Nuevamente el racismo ha derivado en violencia. Esta vez, ante el asesinato, por la policía, de un afroamericano, desarmado, inmovilizado, que se resistía a ingresar en un vehículo policial.
La condena del crimen policial y de la violencia en las protestas ha sido prácticamente unánime en dirigentes políticos, sociales, de todos los credos y partidos, incluso por los familiares de la víctima.

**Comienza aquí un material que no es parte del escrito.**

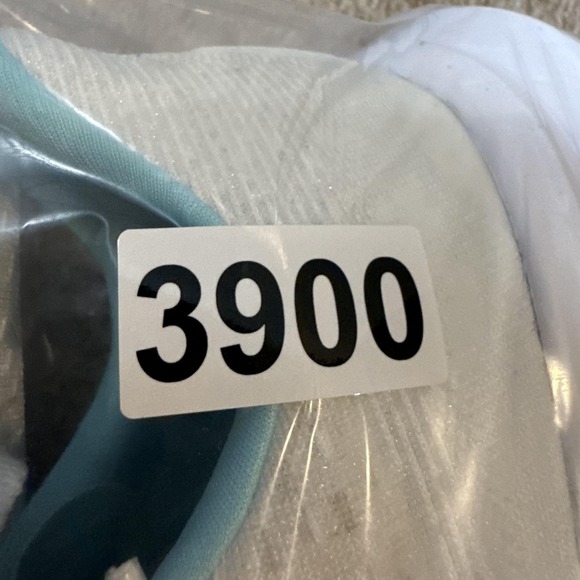 Hoka Mach 6 Running Shoes Womens Size 9.5B White Cushioned Sneakers Athletic - Picture 8 of 8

El Presidente Trump ha sido la nota discordante. Pudo haberse sumado al amplio llamado a la unidad y liderar las reformas para enmendar las causas específicas y subyacentes de la crisis, que se arrastran por siglos. Incluso su competidor, el exvicepresidente Joe Biden, en su trayectoria legislativa no se ha destacado por la defensa de los derechos de las minorías y en algún momento declaró que para contener la violencia había que disparar a los pies y no al cuerpo. Trump pudo traspasar responsabilidades a los alcaldes que controlan a las policías y utilizar su capital de haber sido el mandatario que con el crecimiento económico logró la menor cesantía y mayores oportunidades para las minorías desde que se tenga registro en Estados Unidos.
En cambio, el Presidente agravó la crisis con su lenguaje agresivo y provocaciones, al extremo de atravesar una protesta pacífica en las inmediaciones de la Casa Blanca, obligando a que el Servicio Secreto la disolviera por la fuerza. Además de polarizar, logró aumentar la división, incluso entre sus partidarios. Hasta su ministro de Defensa se manifestó en contra de la amenaza de recurrir al empleo de los militares para controlar la situación. El jefe del Pentágono sostuvo, correctamente, que esa era labor policial, que con el refuerzo de los reservistas de la Guardia Nacional sería suficiente y que el empleo de las fuerzas armadas era un último recurso, innecesario en este momento.
Las encuestas registran que Trump, con su proceder, ha perdido significativamente popularidad, que, si las elecciones presidenciales fueran ahora, sería ampliamente derrotado, tanto en el voto popular como en el electoral.
Habrá todavía que esperar cinco meses para conocer el resultado definitivo de la voluntad popular, que puede cambiar. Determinante podría ser la intensidad y rapidez de la recuperación económica. Datos recientes pueden ser un alivio para Trump, aunque dudosamente suficientes para compensar las consecuencias políticas de sus reiterados abusos.